WHAT YOU SHOULD DO:
Skip all pictures, then copy the lines from the start of the data through the line with "İstediğiniz 1 Oyun + Garanti + Destek", keeping both ends.

(Data extracted from a collection)

<<<<

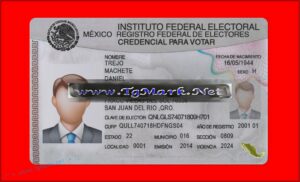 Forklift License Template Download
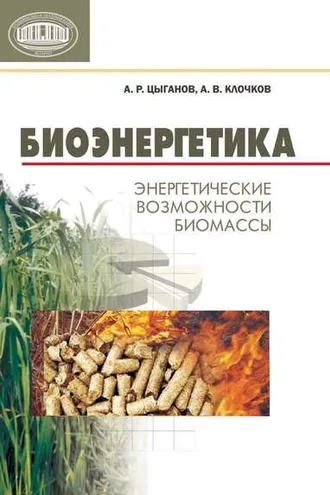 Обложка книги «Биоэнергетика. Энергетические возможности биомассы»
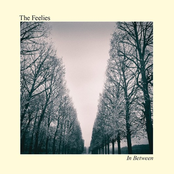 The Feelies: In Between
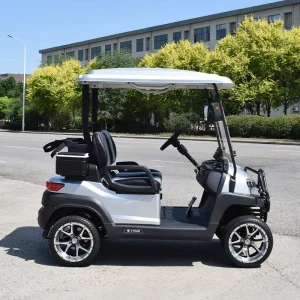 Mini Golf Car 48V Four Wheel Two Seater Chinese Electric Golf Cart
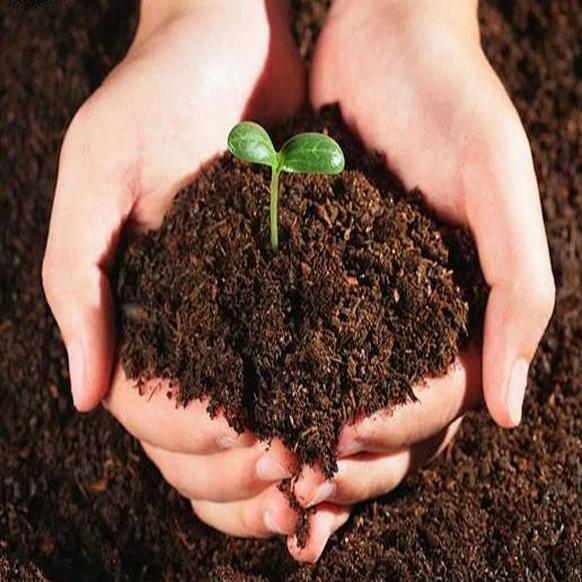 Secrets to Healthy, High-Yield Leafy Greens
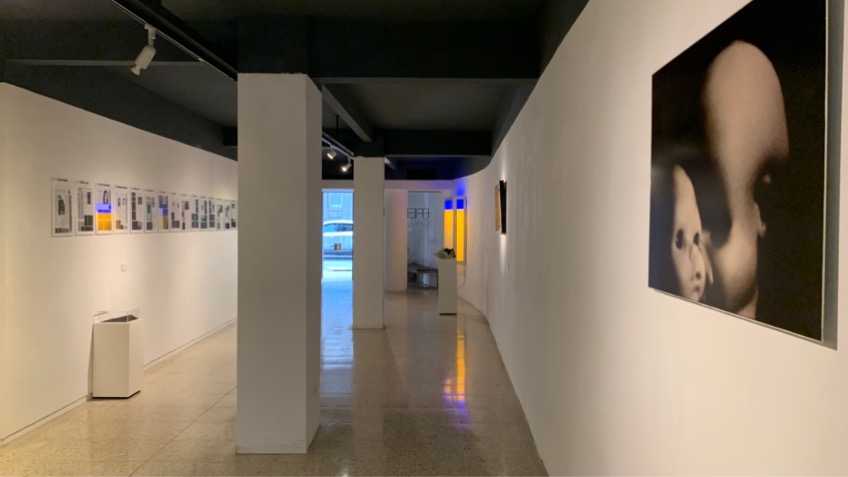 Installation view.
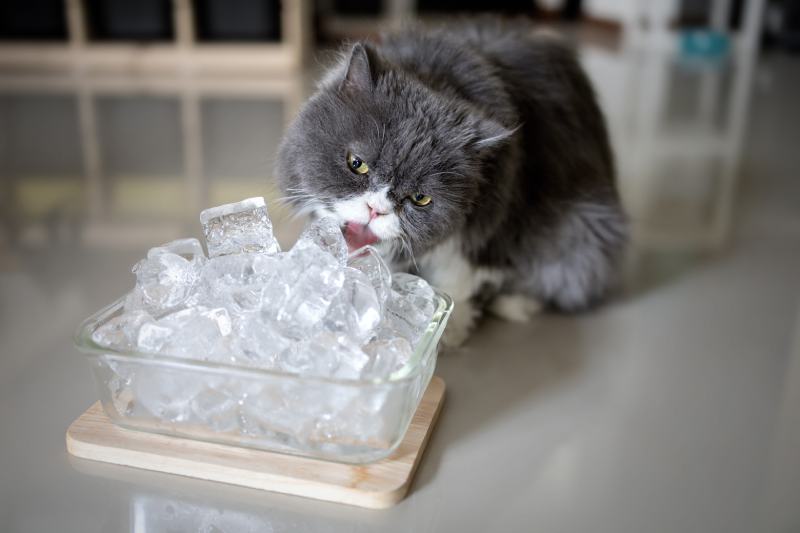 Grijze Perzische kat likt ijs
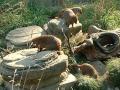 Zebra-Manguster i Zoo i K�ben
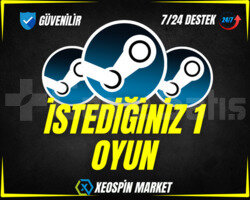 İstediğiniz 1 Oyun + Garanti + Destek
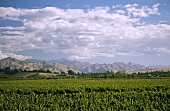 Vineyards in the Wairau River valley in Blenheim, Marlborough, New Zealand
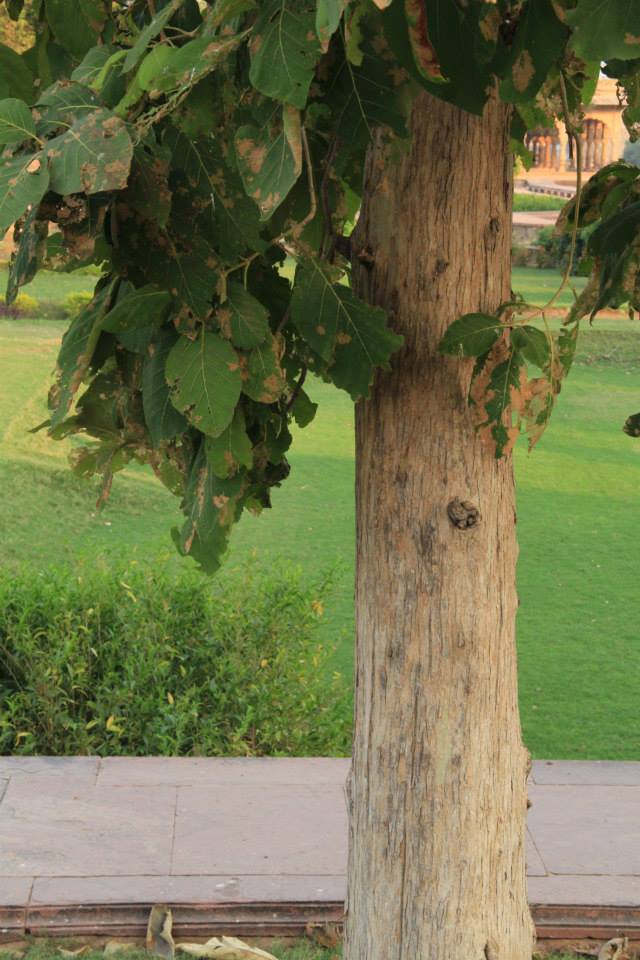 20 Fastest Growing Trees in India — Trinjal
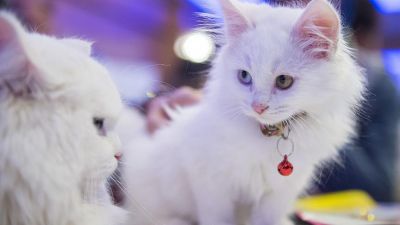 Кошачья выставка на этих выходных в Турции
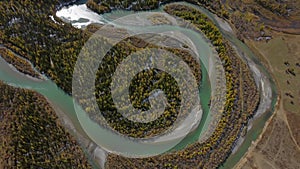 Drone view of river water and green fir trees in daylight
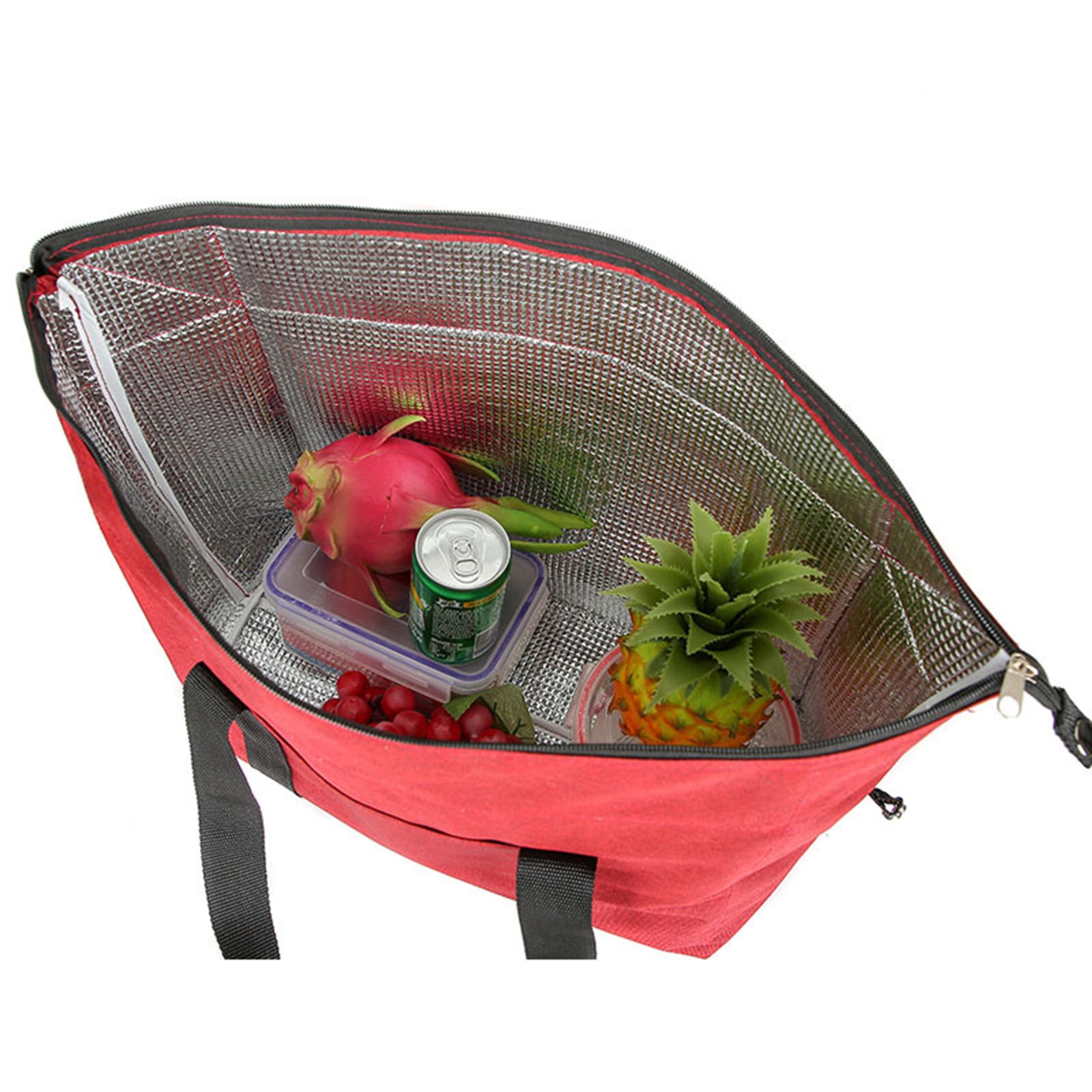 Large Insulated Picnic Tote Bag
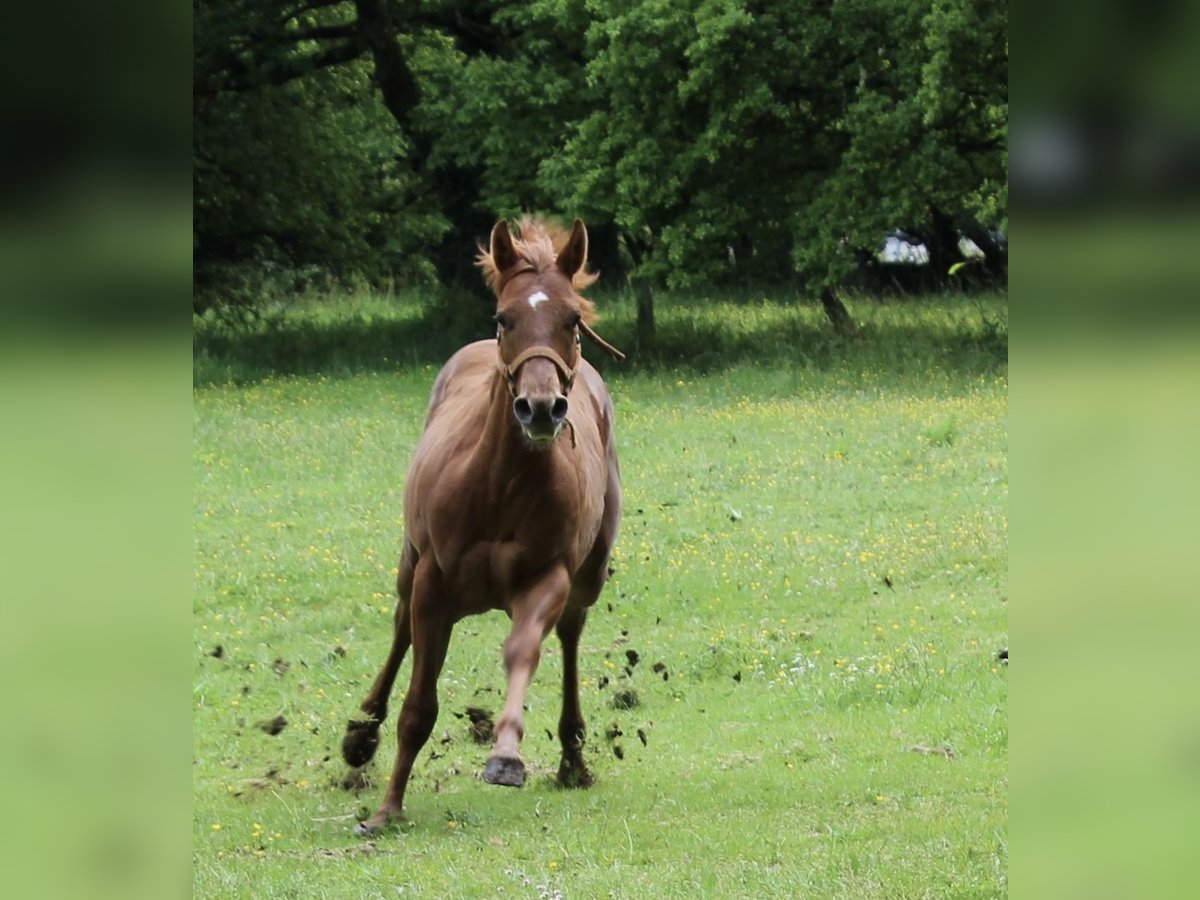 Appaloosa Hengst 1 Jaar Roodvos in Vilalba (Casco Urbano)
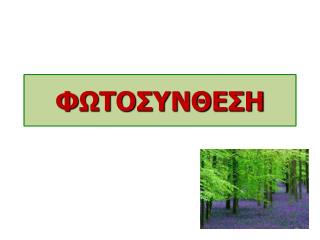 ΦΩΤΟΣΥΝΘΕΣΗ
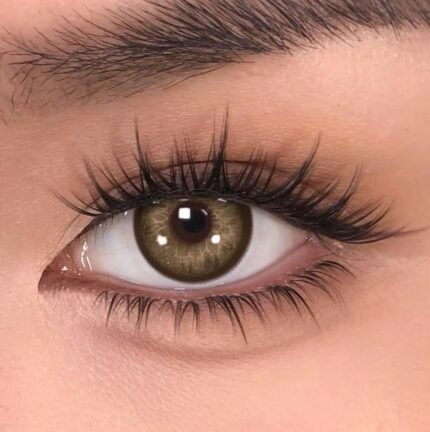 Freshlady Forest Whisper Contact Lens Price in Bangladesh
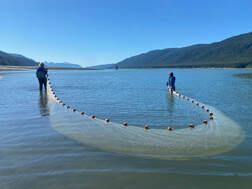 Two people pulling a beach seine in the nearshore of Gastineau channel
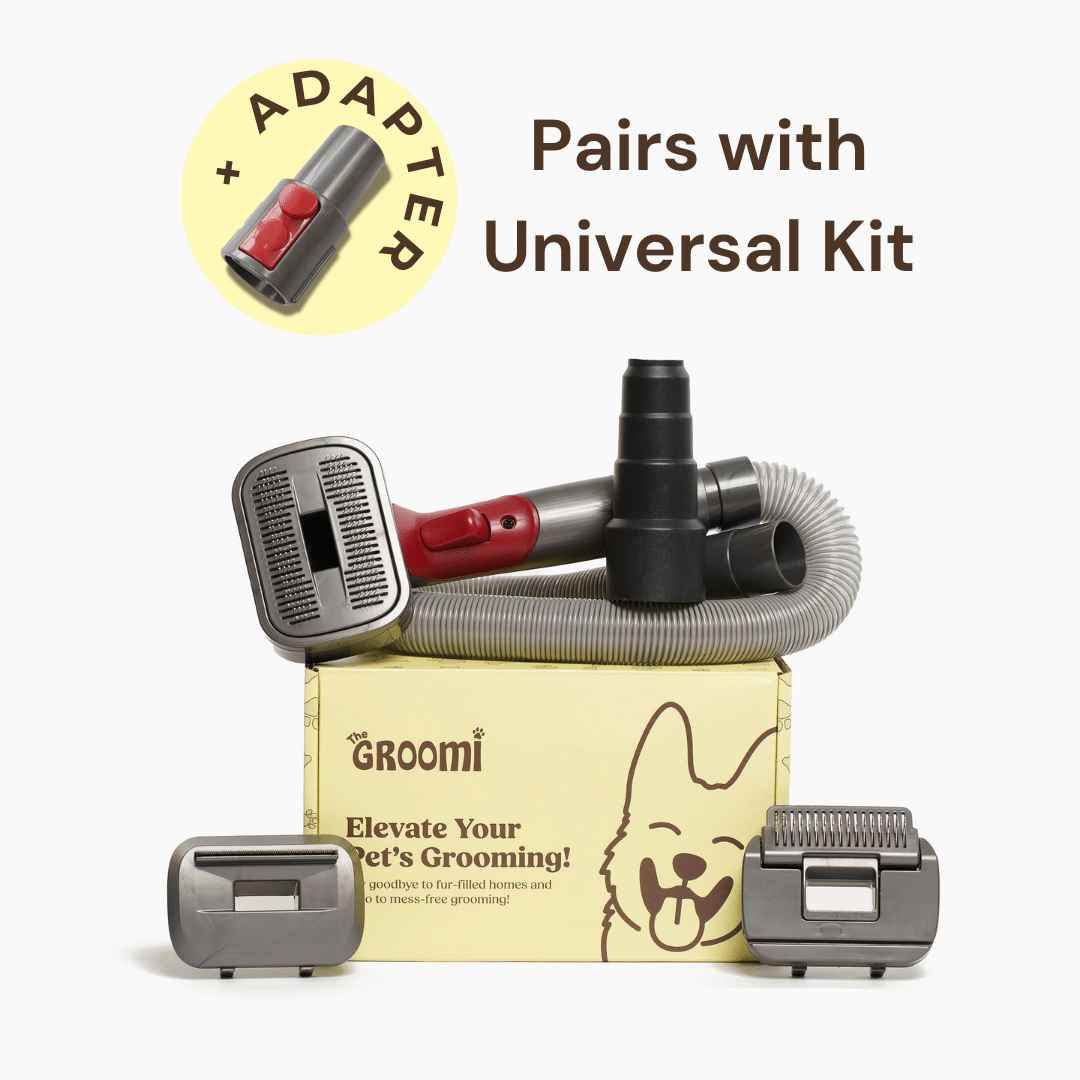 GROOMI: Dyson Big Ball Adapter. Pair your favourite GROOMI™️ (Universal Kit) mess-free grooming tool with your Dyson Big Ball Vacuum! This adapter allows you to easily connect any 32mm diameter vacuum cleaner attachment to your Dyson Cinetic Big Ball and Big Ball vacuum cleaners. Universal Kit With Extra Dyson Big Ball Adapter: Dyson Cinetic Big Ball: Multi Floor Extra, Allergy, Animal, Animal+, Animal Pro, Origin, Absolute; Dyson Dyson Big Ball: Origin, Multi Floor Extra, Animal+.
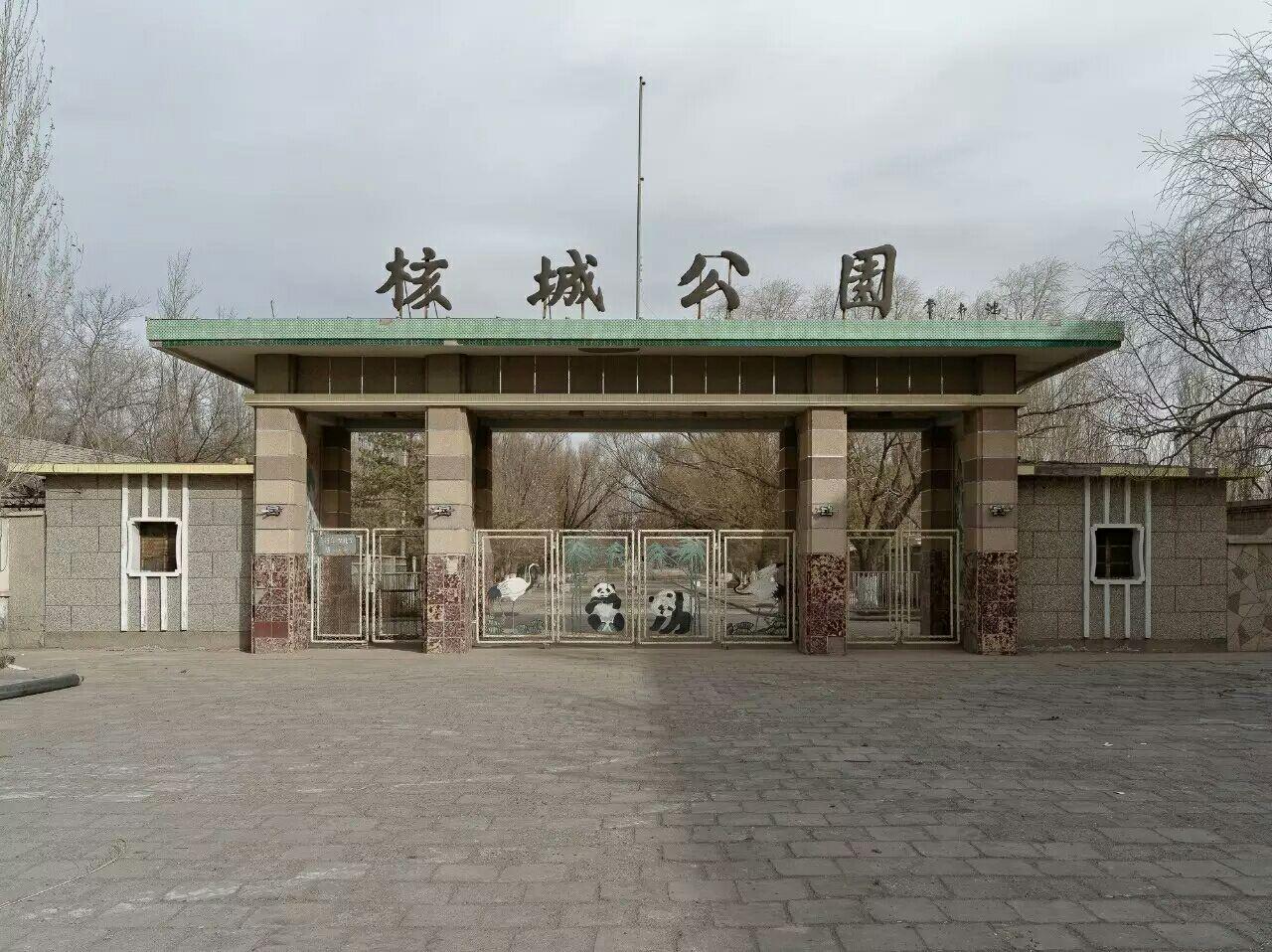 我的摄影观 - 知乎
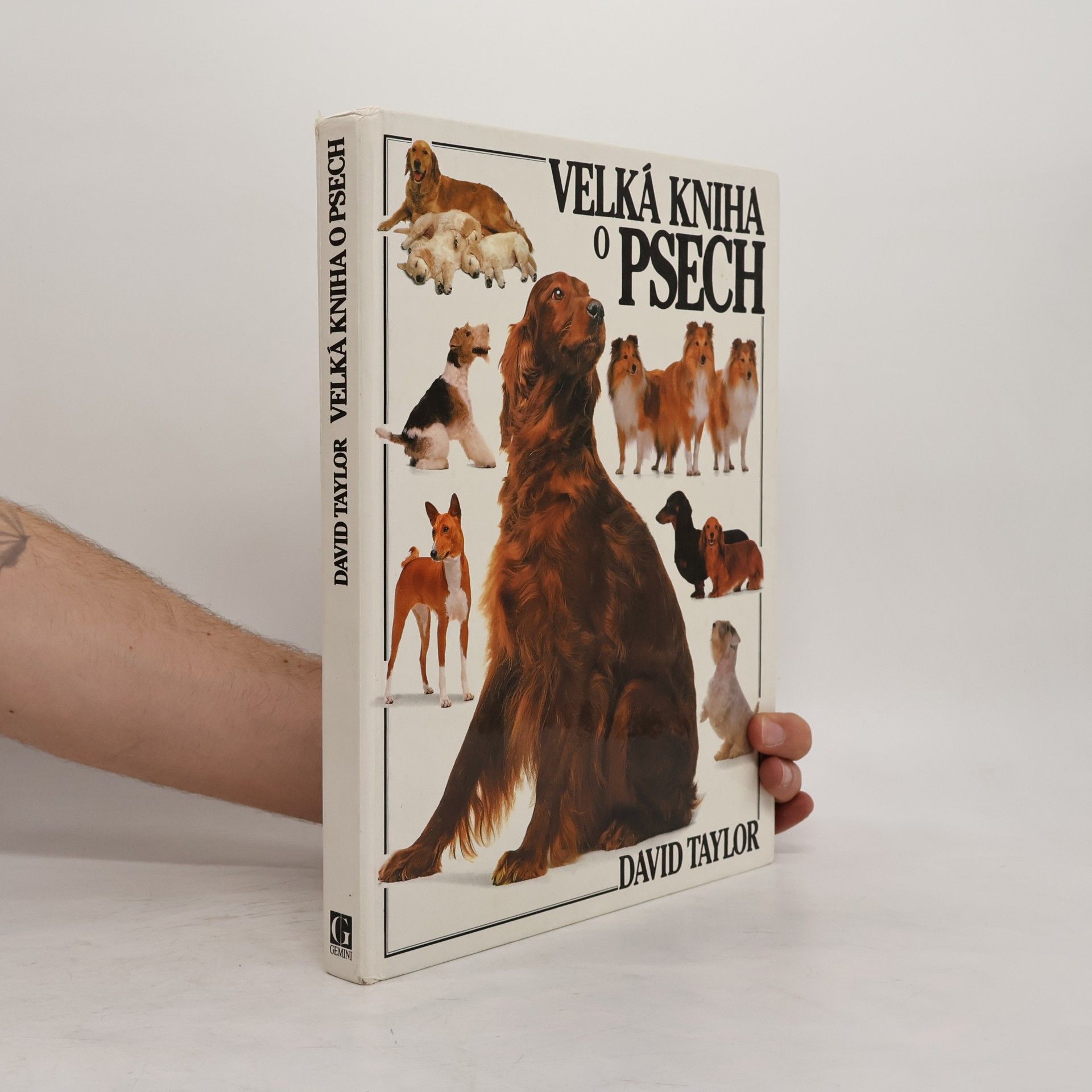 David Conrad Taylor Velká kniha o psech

>>>>

SOLUTION BELOW:
 Forklift License Template Download
 Обложка книги «Биоэнергетика. Энергетические возможности биомассы»
 The Feelies: In Between
 Mini Golf Car 48V Four Wheel Two Seater Chinese Electric Golf Cart
 Secrets to Healthy, High-Yield Leafy Greens
 Installation view.
 Grijze Perzische kat likt ijs
 Zebra-Manguster i Zoo i K�ben
 İstediğiniz 1 Oyun + Garanti + Destek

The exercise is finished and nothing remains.